Cyber security is an ongoing battle between good and evil. Just as cybersecurity companies continue to focus on helping companies strengthen their defenses with the latest innovations, cybercriminals are improving their game and adopting new strategies and technologies.
What can governments do to protect their systems from hackers and other cyber security breaches?
All organizations, both public and private, are now exposed to the threat of Gen V attacks, which can wreak havoc. It is important to evaluate your environment and identify the security gaps in your company. The threat landscape will continue to refine, and companies should consider using consolidated security solutions rather than stand-alone solutions as this would be more difficult to manage. Additionally, traditional security tools are no longer sufficient to deal with the growing number of security breaches and the dynamic, virtual, and decentralized nature of the cloud. To meet these challenges, a unified, highly automated and cost-effective cloud security solution is required that can detect and deal with threats in cloud environments.
What research and development work does Check Point do in the area of cyber security, especially in the area of firewall security?
We strive to create the most innovative cybersecurity solutions. Our Check Point Research division provides cutting edge cyber threat intelligence to Check Point Software customers and the wider intelligence community. The research team collects and analyzes global cyberattack data stored on ThreatCloud to keep hackers at bay while ensuring that all Check Point products are updated with the latest protections. From the moment a security breach is initiated, ThreatCloud begins sharing data across the network, giving researchers the information they need to thoroughly analyze and report attacks. Check Point Research publications and intelligence sharing are fueling the discovery of new cyber threats and the development of the international threat intelligence community to protect them.
Why do Israeli companies dominate the cybersecurity space compared to other countries?

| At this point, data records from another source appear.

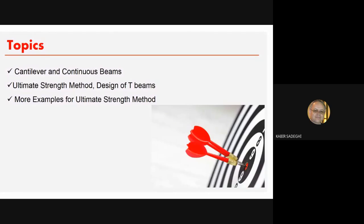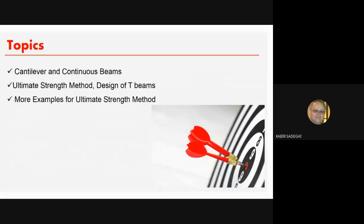Then we see the concepts and method of design using ultimate strength design for designing T-beams, and we see some examples for calculation. We'll cover two methods: one that I consider the modern method, and the other is the traditional method that engineers used for many years and some still use today.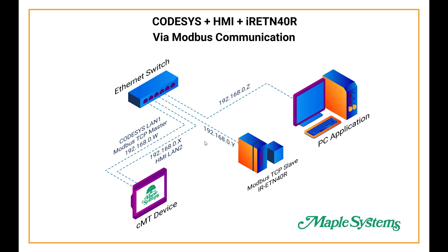For example in this case the same subnet is zero and the last octet which is WXYZ is different for each IP address. In this diagram the Ethernet cables are represented by a dotted blue line.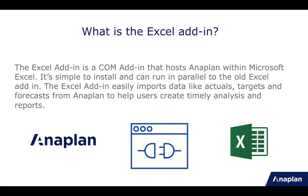The Excel add-in is very simple to install and enables very performant extracts of your Anaplan data, and can run in parallel to the old version.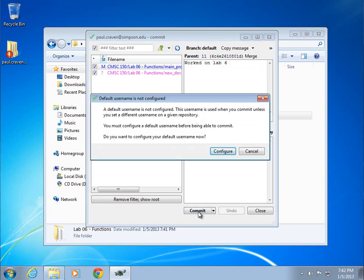Okay, I've made that commit. And in this case, it says user names not configured. This is the first time I've done this. So it's a little bit confused on who it wants to say has done the commit.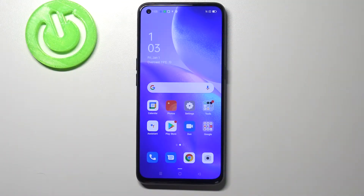Hi everyone. Here we've got the Oppo Reno5, and let me share with you how to enable OTG connection on this device.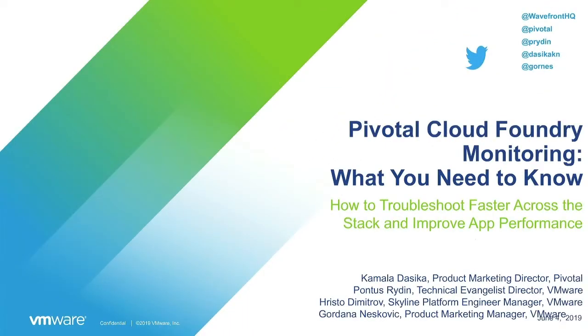Hi everybody. Welcome to the Pivotal Cloud Foundry or PCF Monitoring Webinar. I'm Gordana from Wavefront. Thank you for joining Kamala Dasica, Pontus Ryden, Christoph Dimitrov, and me.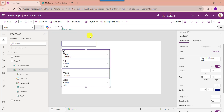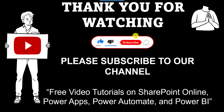Yes friends, this is how we can work with the PowerApps search function using different examples. I hope you liked this video. Please give it a like and subscribe to our YouTube channel for more free videos on SharePoint Online, PowerApps, Power Automate, and Power BI. Thank you.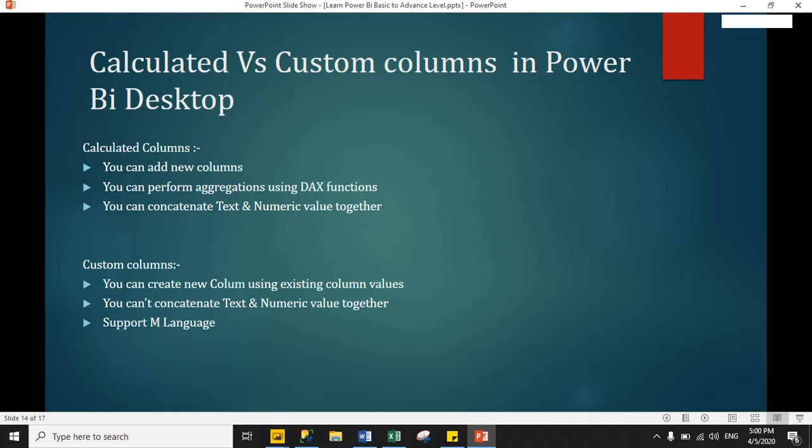Aggregations include functions such as SUM, COUNT, MAX, MIN, and AVERAGE.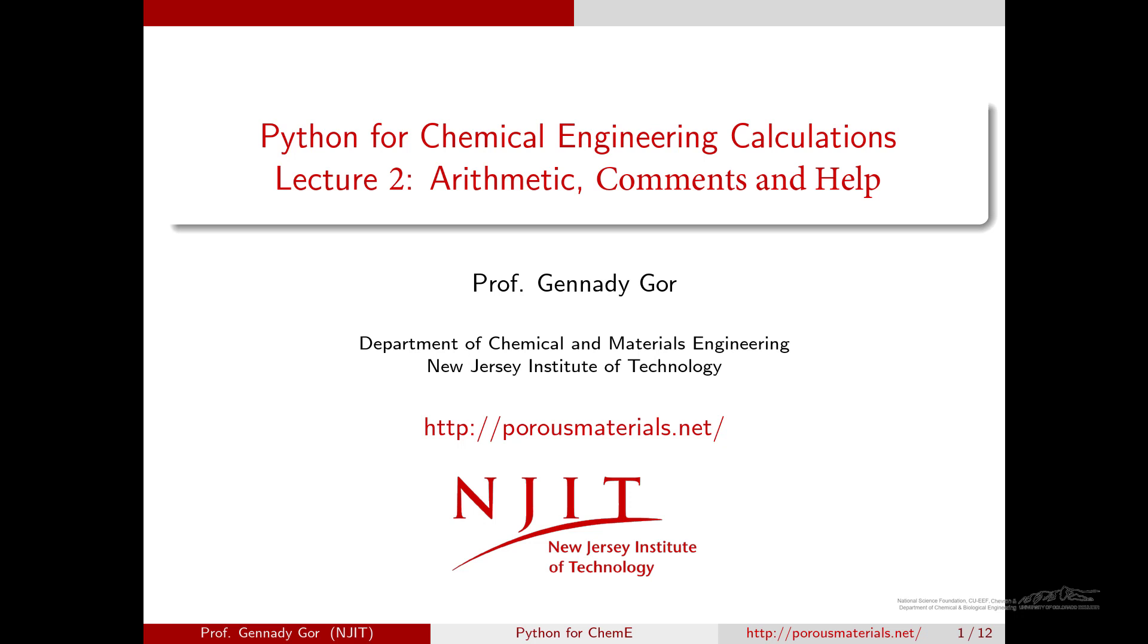Hello and welcome to the next episode. Today we're going to talk about Python modules. What are they?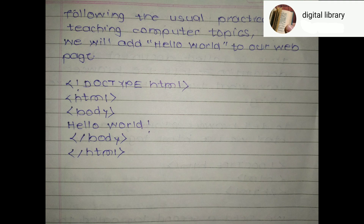This is the Hello World program, which is the basic program in HTML. Thank you.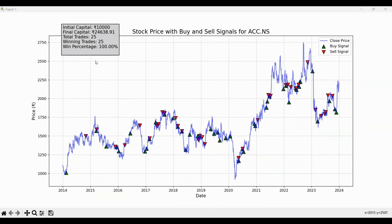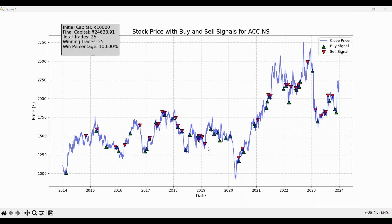This chart displays the closing price of ACC.NS, plotted in blue, from 2014 all the way up to 2024. On top of this price action, we have the key signals generated by the RSI divergence strategy — the green and red triangles. The green triangles represent our buy signals, indicating moments where the strategy detected a bullish RSI divergence — a signal that the price may start rising. You can spot them consistently at points where the stock price begins to recover from a downtrend, giving us perfect buying opportunities. On the other hand, the red triangles represent our sell signals — these are bearish RSI divergences warning us that the stock might soon decline in value. The strategy triggers a sell at these points to lock in profits before the price falls.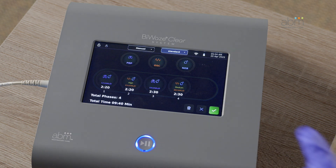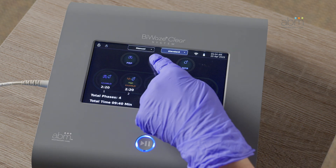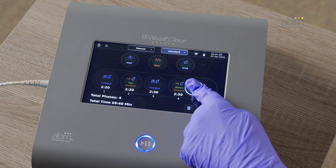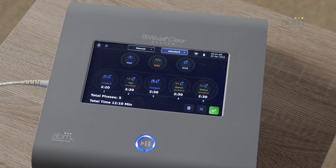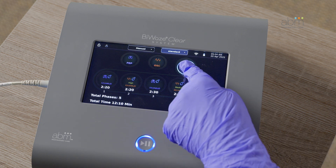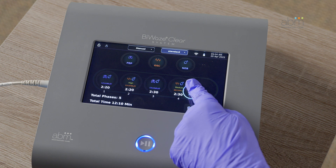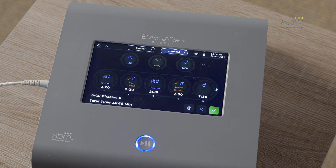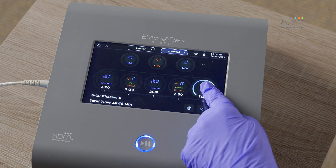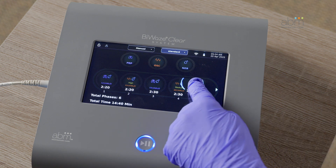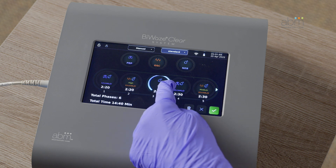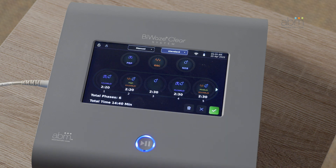New phases can be added to the therapy list by pressing on the type of phase you want to add and dragging it to the therapy list. You can also rearrange the therapies by dragging them to a new location in the therapy list. The total number of phases and therapy time is displayed on the bottom.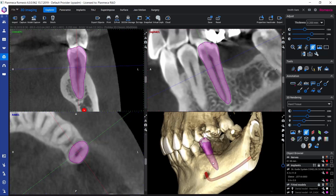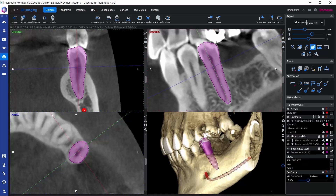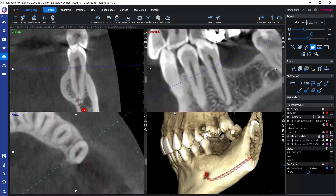Let's see how the segmentation process is done. I will first delete this example tooth that I had segmented earlier, by selecting it in the object browser and using the trash icon to delete it. Then let's restart the process. First it would be good to align the slice views so that we have a good view on the tooth we're going to segment.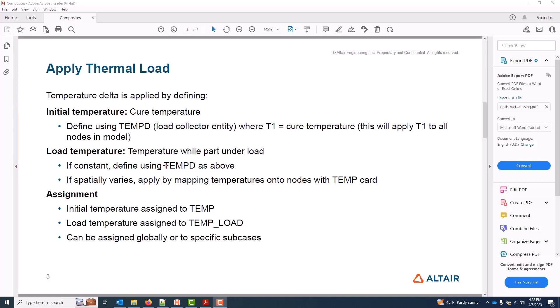Thermal loads aren't unique to composite modeling, but they come up all the time, so it's important to know how to set them up for OptiStruct.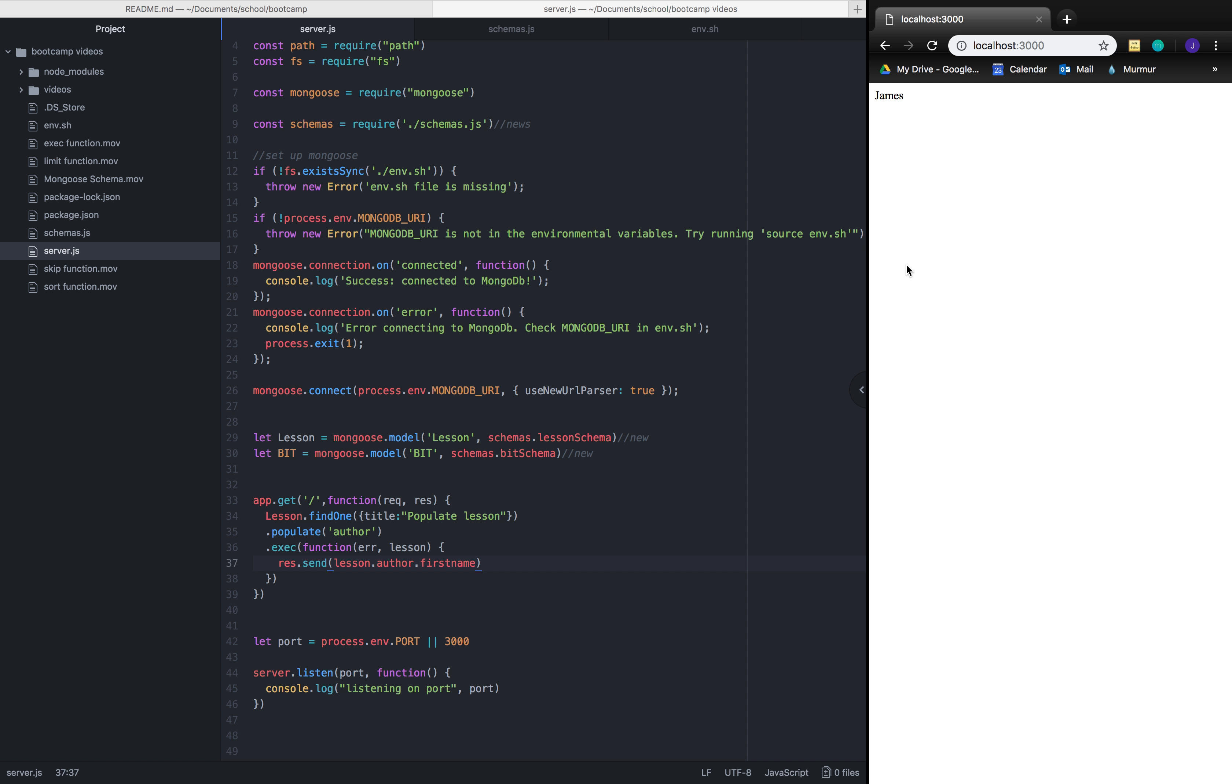So right now we're finding in a lesson a specific title, populate lesson. And we're able to get the first name of the author. This is what makes populate so powerful. We give lesson an object that it previously did not have, a key that it previously did not have, but because we've connected it with an author it now has that ability. Let's see. Here we go.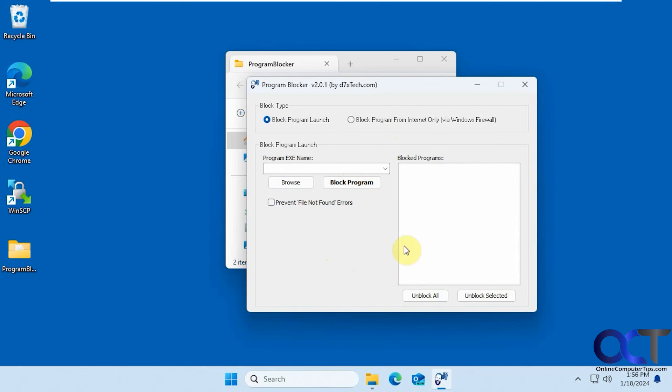All right, so I will put a link in the description where you could download this tool here. Just make sure you keep it handy if you block something, that way you'll be able to unblock it. So don't block something and delete it because then you might have a problem getting it to work again. All right, thanks for watching and be sure to subscribe.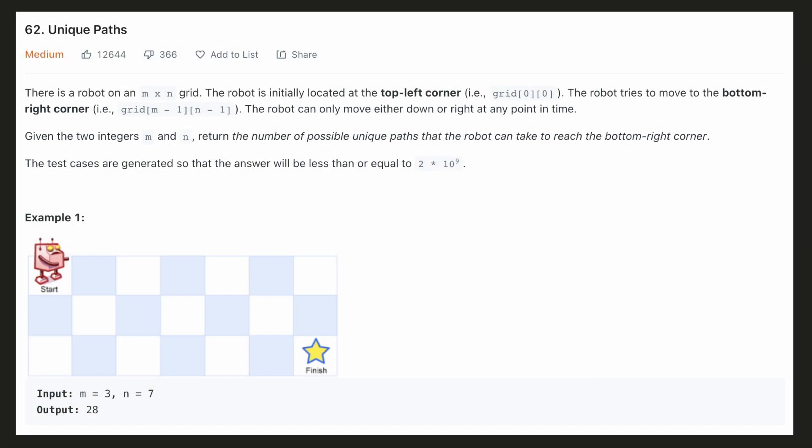Hello everyone, let's try to be a cheat code ninja today. With this problem, we are going to cover a very important topic and we'll discuss multiple approaches to solve this.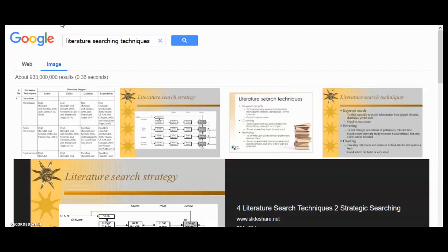Hello all. Today we will talk about literature searching. Literature searching is very important for all aspects of research. We are looking for resources electronically available — there is no need to go to a library to find information. However, it is not always easy to retrieve exactly the information we are looking for, and searching the literature can be a reasonably challenging task.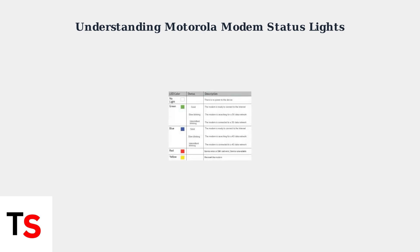This comprehensive LED status table shows all the different light colors and their meanings. Understanding these indicators will help you quickly diagnose any connectivity issues with your Motorola modem.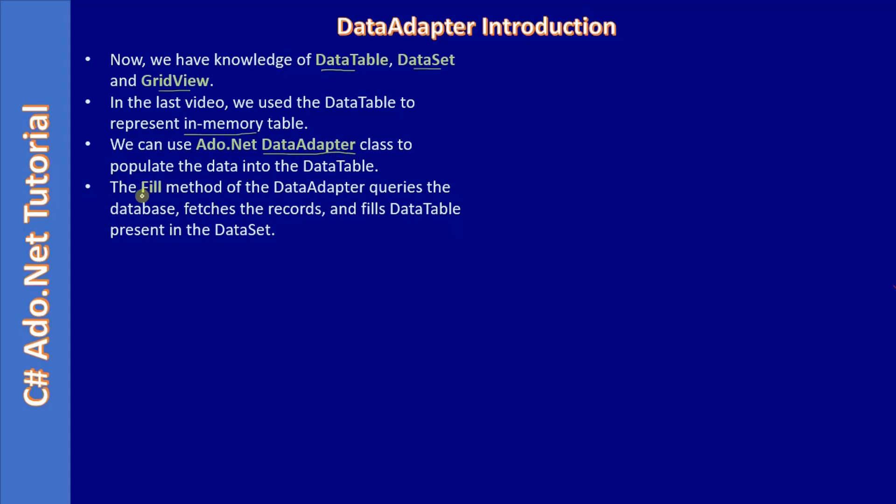Data adapter provides fill method. The fill method of the data adapter queries the database, fetches the records, and fills the data table which presents in the dataset. It performs querying the database, fetching the record, and filling the data table.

Israel is one of the world’s leading cybersecurity hubs due to its focus on developing cybersecurity expertise. There are various initiatives in both the private and public sectors when it comes to cybersecurity skills development. In fact, cybersecurity is being given so much priority that cybersecurity education begins in middle school in Israel.
Is there a major cybersecurity skills shortage in a country like India? What can be done to fill this skills gap?
India, like the rest of the world, faces a cybersecurity skills shortage. We have a major focus on cybersecurity skills training and certification. We also aim to make cybersecurity education accessible to all and are working with various academic and non-academic partners to accomplish this mission. We recently launched Check Point Mind, a knowledge training portal, in collaboration with over 200 of the world’s most recognized training partners. Users can register for the portal free of charge and choose from a wide range of courses and programs from over 200 partners. Payment can be made by credit card or Check Point Learning Credits.
In addition, Check Point’s Secure Academy program provides 100 universities and colleges worldwide with a comprehensive cybersecurity curriculum, and we’re building partnerships with leading institutions like New York University (NYU) to create online platforms to educate students in Include cybersecurity training. The Secure Academy program trains an average of about 100 students per year. In India we work with over 15 universities and colleges. Hundreds of students have gone through this program in India.